I love the printed word, love having something informative and solid and paper at ready in my hands when I recline on my patio with a nice IPA. But as a magazine writer, I have to say: There are serious drawbacks to being constrained by a tight print schedule. Sometimes, right after your story goes to press and a week before it's actually in anyone's mailbox, it's already outdated. I mean, just look at how fast news on immigration reform has been churning out.

Which is why I will now stop whining and exploit the intertubes to both update and augment a story of mine that you'll find in the latest oh-so-delectable print version of High Country News.

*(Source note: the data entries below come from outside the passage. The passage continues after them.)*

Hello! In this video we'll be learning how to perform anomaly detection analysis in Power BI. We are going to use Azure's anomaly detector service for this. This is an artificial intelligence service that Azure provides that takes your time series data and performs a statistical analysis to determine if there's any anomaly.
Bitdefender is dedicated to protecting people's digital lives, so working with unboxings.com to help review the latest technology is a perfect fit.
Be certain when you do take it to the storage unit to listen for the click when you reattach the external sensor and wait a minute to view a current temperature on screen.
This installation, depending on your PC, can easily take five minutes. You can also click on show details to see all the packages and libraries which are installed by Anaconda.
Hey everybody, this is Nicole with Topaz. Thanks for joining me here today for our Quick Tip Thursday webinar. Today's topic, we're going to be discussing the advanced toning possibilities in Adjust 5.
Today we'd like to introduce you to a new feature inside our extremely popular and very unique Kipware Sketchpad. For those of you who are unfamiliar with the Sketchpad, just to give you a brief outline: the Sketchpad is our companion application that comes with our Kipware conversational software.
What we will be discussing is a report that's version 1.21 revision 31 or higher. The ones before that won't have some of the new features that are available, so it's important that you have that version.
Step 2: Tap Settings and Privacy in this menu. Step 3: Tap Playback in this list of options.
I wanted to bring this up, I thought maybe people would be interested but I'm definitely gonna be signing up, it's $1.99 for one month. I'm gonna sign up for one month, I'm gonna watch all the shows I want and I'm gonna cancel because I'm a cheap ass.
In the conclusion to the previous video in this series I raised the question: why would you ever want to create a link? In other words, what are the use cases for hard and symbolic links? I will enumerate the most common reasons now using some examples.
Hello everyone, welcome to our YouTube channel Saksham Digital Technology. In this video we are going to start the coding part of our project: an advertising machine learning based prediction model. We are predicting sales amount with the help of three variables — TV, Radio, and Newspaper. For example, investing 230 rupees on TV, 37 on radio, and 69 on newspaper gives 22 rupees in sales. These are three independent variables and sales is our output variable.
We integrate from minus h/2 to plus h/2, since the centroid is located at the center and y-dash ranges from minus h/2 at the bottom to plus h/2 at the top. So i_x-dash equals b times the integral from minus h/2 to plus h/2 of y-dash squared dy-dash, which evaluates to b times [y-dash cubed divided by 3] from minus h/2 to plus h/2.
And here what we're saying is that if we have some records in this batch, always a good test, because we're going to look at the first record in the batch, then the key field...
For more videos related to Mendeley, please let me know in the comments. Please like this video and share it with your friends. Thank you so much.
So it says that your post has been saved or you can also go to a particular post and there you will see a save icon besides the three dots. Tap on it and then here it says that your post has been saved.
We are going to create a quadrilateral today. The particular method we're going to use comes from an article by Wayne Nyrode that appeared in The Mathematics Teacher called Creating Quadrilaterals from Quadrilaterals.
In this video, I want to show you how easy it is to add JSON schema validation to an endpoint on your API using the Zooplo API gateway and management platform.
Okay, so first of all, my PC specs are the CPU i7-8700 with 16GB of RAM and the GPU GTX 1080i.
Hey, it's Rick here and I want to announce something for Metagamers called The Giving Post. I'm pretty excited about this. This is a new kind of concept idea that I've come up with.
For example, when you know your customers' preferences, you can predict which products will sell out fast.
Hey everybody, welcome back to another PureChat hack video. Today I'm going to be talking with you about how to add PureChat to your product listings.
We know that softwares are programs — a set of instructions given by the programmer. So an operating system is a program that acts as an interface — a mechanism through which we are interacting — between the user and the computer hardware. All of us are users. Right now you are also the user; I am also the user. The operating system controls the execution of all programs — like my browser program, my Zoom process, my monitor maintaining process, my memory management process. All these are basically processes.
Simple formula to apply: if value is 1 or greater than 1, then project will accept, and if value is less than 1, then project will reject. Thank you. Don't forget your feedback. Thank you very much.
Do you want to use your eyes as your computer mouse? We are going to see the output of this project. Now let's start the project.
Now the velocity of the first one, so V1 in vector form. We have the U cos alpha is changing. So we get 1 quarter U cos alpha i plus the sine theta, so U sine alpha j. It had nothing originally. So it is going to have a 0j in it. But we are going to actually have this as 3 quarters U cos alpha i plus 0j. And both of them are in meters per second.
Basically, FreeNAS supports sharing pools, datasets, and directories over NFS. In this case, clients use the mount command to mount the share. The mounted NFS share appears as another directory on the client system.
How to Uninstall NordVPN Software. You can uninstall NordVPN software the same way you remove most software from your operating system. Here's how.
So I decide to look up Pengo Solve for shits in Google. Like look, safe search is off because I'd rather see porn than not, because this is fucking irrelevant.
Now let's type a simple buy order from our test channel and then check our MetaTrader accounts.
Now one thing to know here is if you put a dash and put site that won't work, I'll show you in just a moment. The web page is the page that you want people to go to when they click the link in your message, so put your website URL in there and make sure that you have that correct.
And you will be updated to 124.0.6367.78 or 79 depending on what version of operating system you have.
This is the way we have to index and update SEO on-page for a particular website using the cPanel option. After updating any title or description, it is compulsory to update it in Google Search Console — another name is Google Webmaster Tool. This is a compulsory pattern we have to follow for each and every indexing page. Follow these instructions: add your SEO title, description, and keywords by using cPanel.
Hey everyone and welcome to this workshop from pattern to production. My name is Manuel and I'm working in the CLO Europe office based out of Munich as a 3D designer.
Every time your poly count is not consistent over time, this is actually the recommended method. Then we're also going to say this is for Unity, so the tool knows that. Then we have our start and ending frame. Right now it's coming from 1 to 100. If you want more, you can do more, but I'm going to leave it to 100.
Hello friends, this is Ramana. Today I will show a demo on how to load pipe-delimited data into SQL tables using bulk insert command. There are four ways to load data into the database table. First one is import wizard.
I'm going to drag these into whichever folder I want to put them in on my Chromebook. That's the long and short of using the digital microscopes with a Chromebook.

Here's the quick skinny: Utah, it turns out, is a pretty surprising place when it comes to immigration policy. It's one of the nation's most Republican and socially conservative states. And yet, it doesn't fall in with right-wing hardliners' cries for rooting out and deporting -- regardless of the social or economic consequences -- everyone who's come to this country illegally.  In fact, the state is very consciously trying NOT to be another Arizona, where last year the Legislature passed a law that essentially asked police to demand citizenship papers from anyone they had "reasonable" cause to suspect was in the country illegally. Many immigrant advocates worried the measure would just lead to racial profiling, marginalizing legitimate citizens in the process. Which is among the reasons why it's now tied up in federal court (plus, of course, the fact that the constitution places immigration policy under the authority of the federal government).Last fall, as states like Alabama seemed to be rushing to outdo Arizona with draconian and likely unconstitutional measures of their own, a number of Utah's religious, business and political leaders came together to advocate a more humane approach, expressed  through a simple and elegant document called the Utah Compact. The principles it espoused helped shape a set of immigration reform laws: a Republican-born-and-bred state guest worker bill and a toned-down Arizona-style enforcement bill, both of which passed in March. They are likely as unconstitutional as the others because the federal government has ultimate authority over immigration, but the guest worker bill in particular was meant to steer the terms of the state and national debate in a more realistic and less xenophobic direction.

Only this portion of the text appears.